Data provided:
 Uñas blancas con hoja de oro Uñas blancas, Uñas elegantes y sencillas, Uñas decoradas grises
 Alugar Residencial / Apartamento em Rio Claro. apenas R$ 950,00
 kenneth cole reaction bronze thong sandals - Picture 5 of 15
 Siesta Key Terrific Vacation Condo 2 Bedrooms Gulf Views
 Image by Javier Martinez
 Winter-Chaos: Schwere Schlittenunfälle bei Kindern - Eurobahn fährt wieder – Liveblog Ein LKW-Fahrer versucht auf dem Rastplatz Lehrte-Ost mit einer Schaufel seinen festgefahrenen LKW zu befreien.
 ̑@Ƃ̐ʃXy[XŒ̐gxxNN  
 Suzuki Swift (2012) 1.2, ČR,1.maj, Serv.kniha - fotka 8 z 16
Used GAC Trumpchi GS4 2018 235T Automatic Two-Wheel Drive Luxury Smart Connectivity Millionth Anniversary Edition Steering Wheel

Task brief:
Type out the full listing again, exactly as given.

Solution to this problem:
 Uñas blancas con hoja de oro Uñas blancas, Uñas elegantes y sencillas, Uñas decoradas grises
 Alugar Residencial / Apartamento em Rio Claro. apenas R$ 950,00
 kenneth cole reaction bronze thong sandals - Picture 5 of 15
 Siesta Key Terrific Vacation Condo 2 Bedrooms Gulf Views
 Image by Javier Martinez
 Winter-Chaos: Schwere Schlittenunfälle bei Kindern - Eurobahn fährt wieder – Liveblog Ein LKW-Fahrer versucht auf dem Rastplatz Lehrte-Ost mit einer Schaufel seinen festgefahrenen LKW zu befreien.
 ̑@Ƃ̐ʃXy[XŒ̐gxxNN  
 Suzuki Swift (2012) 1.2, ČR,1.maj, Serv.kniha - fotka 8 z 16
Used GAC Trumpchi GS4 2018 235T Automatic Two-Wheel Drive Luxury Smart Connectivity Millionth Anniversary Edition Steering Wheel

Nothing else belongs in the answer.